During his three years of varsity football, Gillespie didn’t have a winning record as they finished 10-11-3. In 1937, Gillespie was 2-6. The 1938 team went 2-4-2 and the 1939 team finished 6-1-1. Gillespie defeated Benld in 1938 by a score of 6-0. In the second quarter, Parker intercepted a Joe Chiado pass and returned it 60 yards for the only score of the game. In his senior season of 1939, Parker played in the first night game at Gillespie as Gillespie defeated Nokomis 18-0. Gillespie also pulled off a big upset when they defeated Mt. Olive 12-0 to stop their state-leading winning streak at 24 games. They also dealt Carlinville a bitter blow as they won on turkey day 7-6. This was also a huge upset and threw the conference into a three-way tie between Carlinville, Benld, and Pana. During his three years in high school, Parker played in the same backfield with fullback Vince Pacewic. Both of these men would go on to play professional football after World War II.
Parker attended the University of Missouri and played on their 1941 Sugar Bowl team. In 1942, Missouri won the Big Six Conference. He joined the Marine Corps in 1943 and was sent to the officers training program at Purdue University. He played halfback on the undefeated Purdue team that won the Big Ten Conference with a 10-0 record and tied Notre Dame for the National Championship. Purdue featured many college players who were in the Navy V-12 Program and they included Tony Butkovich, Alex Agase, and Mike Kasap who all played at Illinois. Butkovich was nicknamed “Touchdown Tony” and he was killed in the Pacific Theater. Agase was named All American at Illinois and Purdue. Parker finished training at Purdue and was commissioned a Second Lieutenant and served in the Pacific until the end of the war. After the war, he returned to Missouri and graduated in 1946. He was drafted by the Baltimore Colts and started five games before a knee injury ended his pro career. The All American Football League was formed in 1949 when the NFL brought in the Cleveland Browns, Baltimore Colts, and the San Francisco 49’s.

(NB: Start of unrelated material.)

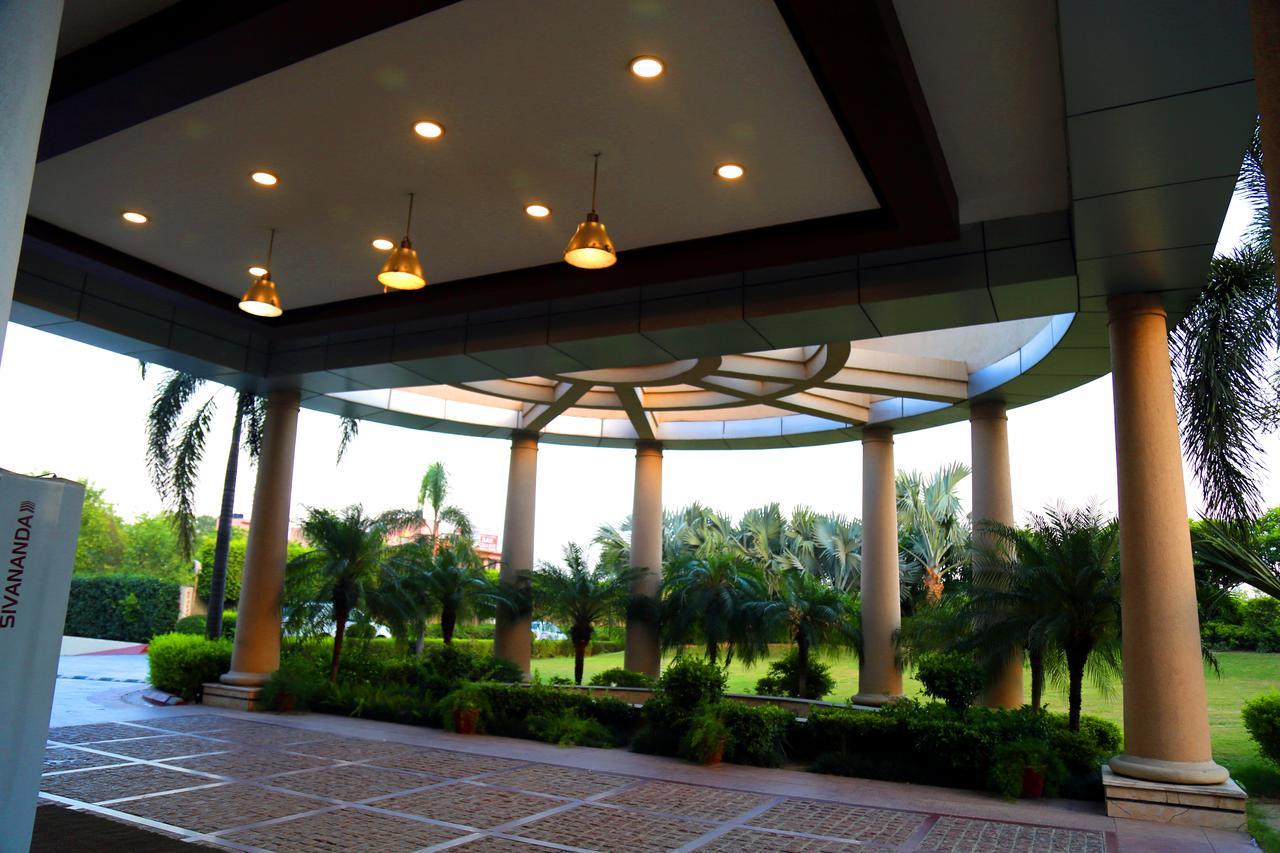 The Cabbana Resort & Spa Phagwāra Екстериор снимка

Parker began a teaching and coaching career at Granite City High School and in 1952, he started officiating football and basketball games in college and high schools until he hung up his whistle in 1993. His reputation as an outstanding referee was well known in both Missouri and Illinois and in 1967, he worked the State Tournaments in both states. Parker was elected to the Granite City Hall of Fame, Missouri Football Hall of Fame, and the National High School Sports Hall of Fame.
Parker in the son of the late Dr. Edmund H. and Grace Parker. His father was a long time osteopath in Gillespie. He married Clara Tretter and they have three adult children, son James and married daughters, Patricia Hewlett and Jane Franko.
I don’t know if Keith Parker was the best all around athlete to compete out of Gillespie High School but a Dizzy Dean once said when a reporter asked him if he was greatest pitcher in baseball, Dizzy replied, “I don’t know if I’m the best but I’m amongst em”. The same can be said about Keith Parker.